La grève, un élan contre la fatalité des inégalités sociales
Voilà à nouveau que quelque chroniqueur nous explique que la grève prendra le citoyen en otage et qu’elle est une entrave à la liberté …. Nous glissons subrepticement vers l’affirmation que la grève serait illégitime parce qu’elle empêcherait chacun de faire ce qu’il veut, quand il le veut. Les logiques pragmatiques du discours libéral tentent d’enfermer l’aspiration à la liberté dans cette satisfaction immédiate, spontanée, primitive.
Un tel débat n’est pas nouveau. Déjà, au début du XXème siècle, Clémenceau opposait aux luttes ouvrières les aspirations d’une liberté individualiste. Face à Jaurès qui défendait les ambitions de l’émancipation collective.

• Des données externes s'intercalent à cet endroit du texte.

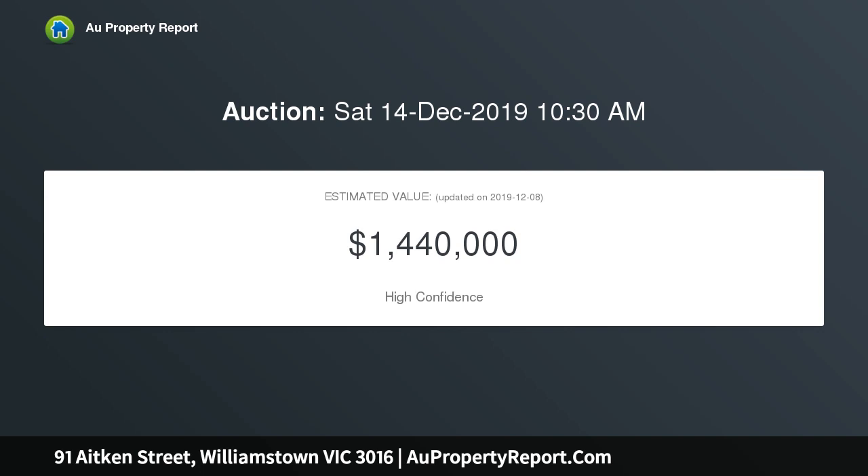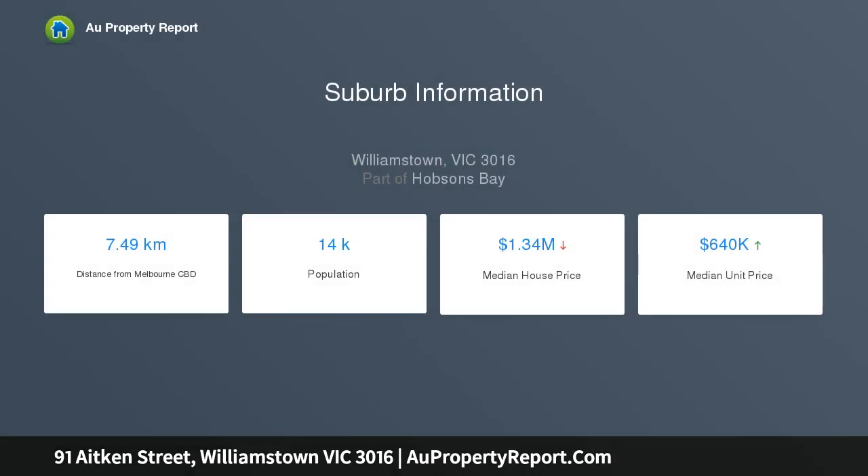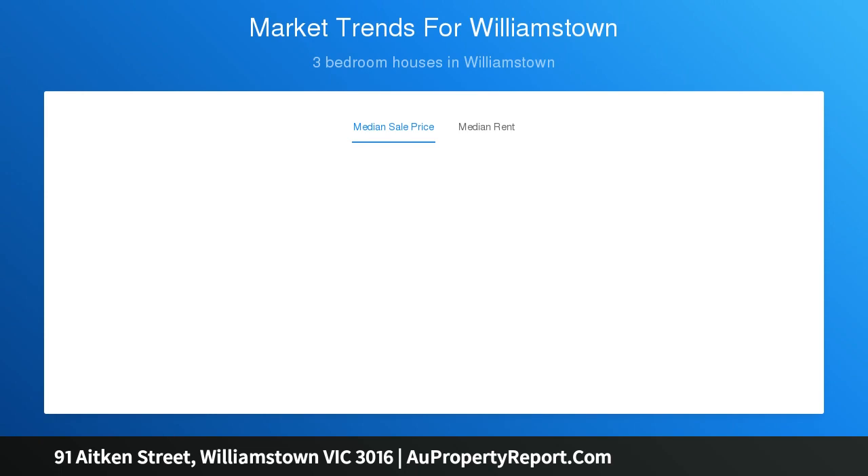A beautiful balance between modern luxury and family functionality, the home comprises of a master suite with walk-in robe and ensuite, two further bedrooms with built-in robes plus a possible fourth bedroom or separate study, served by a family bathroom with bath, separate powder room, laundry, lounge room with gas fireplace, and open plan kitchen and dining space that connects to the low-maintenance courtyard, ideal for summer BBQs.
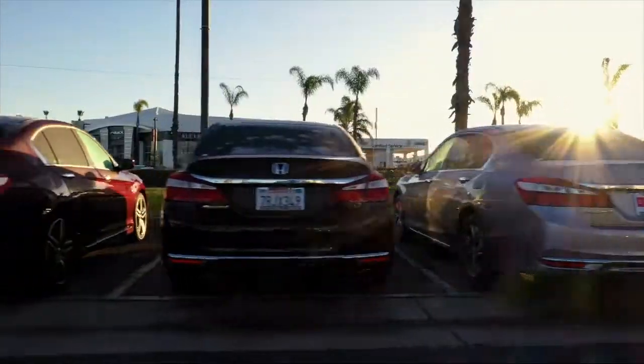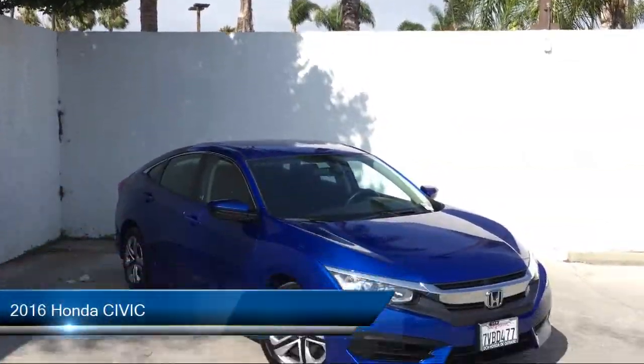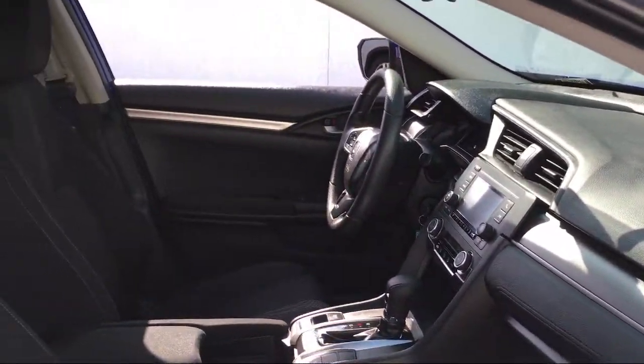Welcome to Honda of Oxnard, your premier destination for purchasing a vehicle. Here's a look at another one of our great vehicles in our inventory. It comes equipped with many standard and optional features and has less than 15,000 miles on the odometer.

Désormais, nul doute que ceux qui ont récemment défendu Thiers comme celui qui a sauvé la république contre les excès des communards, pourront aussi bien défendre Clémenceau appelant la troupe contre les grévistes, faisant comme si ordre public et intérêt général se confondaient et cela au prix d’un recours illégitime à la violence.
De telles affirmations ne peuvent séduire que ceux qui ignoreront ou feindront d’ignorer que les entraves de l’injustice sociale sont bien plus contraignantes que les entraves de la grève et que la liberté sans égalité n’est qu’une illusion soigneusement entretenue par le libéralisme.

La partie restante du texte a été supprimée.